Is there still such a thing as a pro-life Democrat?

Believe it or not, this was supposed to be the year of the pro-life Democrat. Tired of taking a beating in culturally conservative parts of the country, in 2006 and 2008 national Democratic leaders actively recruited candidates who disagreed with the party's platform on abortion. A number of them won; an older member of their ranks had been elected Senate majority leader. Pro-life Democrats held the fate of health care reform in their hands.

We all know how that turned out. Federal legislation passed without the abortion language pro-life Democrats had insisted upon. Those pro-life Democrats nevertheless supplied the health care bill's winning margin in the House. The putatively pro-life Senate majority leader helped kill that language in the upper chamber. Now dedicated abortion foes are asking whether the phrase "pro-life Democrat" is an oxymoron.

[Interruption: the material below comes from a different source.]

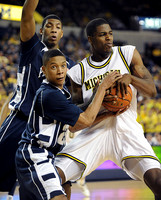 DeShawn Sims (34)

The political action committee for Indiana Right to Life announced it was going to stop endorsing Democrats after the state's three pro-life Democratic congressmen all voted for the health care bill. "Our leadership anguished over this decision," said PAC chairman Mike Fichter. "Had Democrats like Brad Ellsworth held firm in opposing federal funding for abortion in the health care bill, we likely would have rewarded such action with a bipartisan endorsement policy." Veteran social conservative activist Phyllis Schlafly said the health care vote "exploded the myth of the pro-life Democrat."

Kristen Day, executive director of Democrats for Life of America, told TAS that this approach will "hurt the pro-life community." Even the most dogged Republican critics of Day's organization will concede this much: every significant pro-life legislative victory of the past 35 years has been to some degree bipartisan. Without pro-life Democrats in Congress, more bills expanding abortion and fewer bills restricting it would have become law. But many pro-life Republicans on Capitol Hill are scratching their heads about how to work with those Democrats going forward.

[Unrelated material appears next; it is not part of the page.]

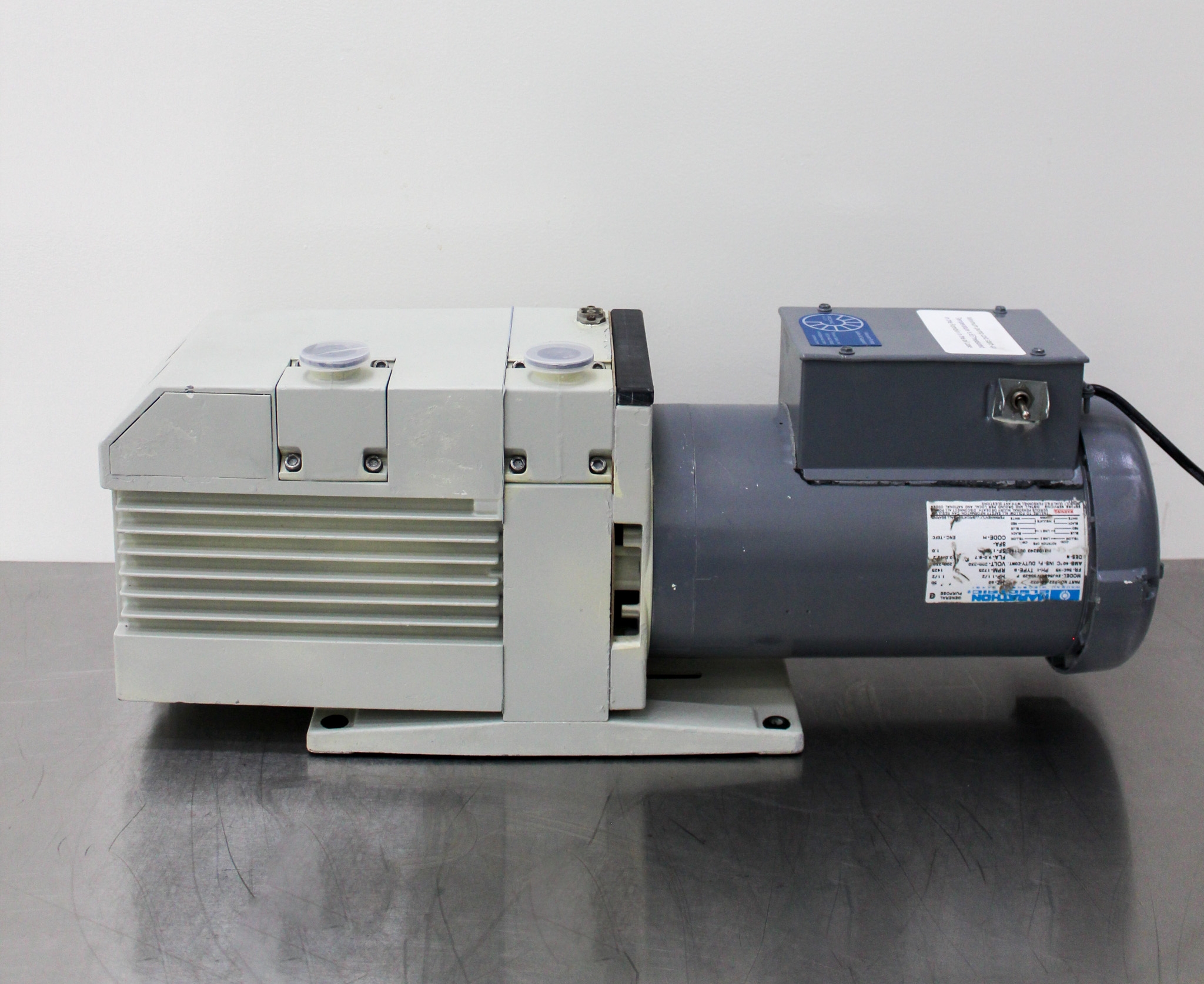 Leybold D25BCS CPD Storage Vacuum Pump - Reliable and Durable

Why did pro-life Democrats give in to their pro-choice leaders at the precise moment they had the maximum leverage over their party? Hints to the answer could be found long before Congressman Bart Stupak (D-MI) became a household name during the health care fight. Consider the scene when antiabortion delegates and activists held a town hall meeting at the 2008 Democratic National Convention.

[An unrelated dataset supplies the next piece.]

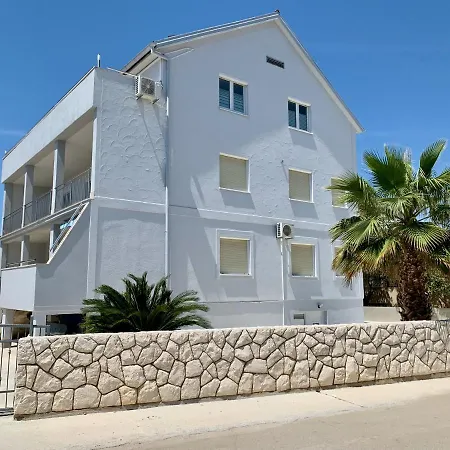 Apartments Janko Pakostane Exterior photo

Gathering downstairs at the Hotel Monaco in Denver, the pro-life Democrats were few in number but upbeat in spirit. Just four years before, many leading Democrats -- including 2004 presidential nominee John Kerry and eventual Democratic National Committee chairman Howard Dean -- had publicly conceded that the party's pro-abortion image was costing their candidates votes across the country. Democratic strategist Donna Brazile admitted to the New York Times, "Even I have trouble explaining to my family that we are not about killing babies."

The emerging consensus was that Democrats would have to recruit more pro-life candidates for public office and find a way to make even their pro-choice messaging more palatable to voters who disagreed with them. On the convention floor, few speakers -- with the significant exception of NARAL Pro-Choice America president Nancy Keenan -- mentioned abortion. Unlike his father 16 years before, Sen. Bob Casey Jr. (D-PA) was allowed to give a speech, acknowledging, "Barack Obama and I have an honest disagreement on the issue of abortion."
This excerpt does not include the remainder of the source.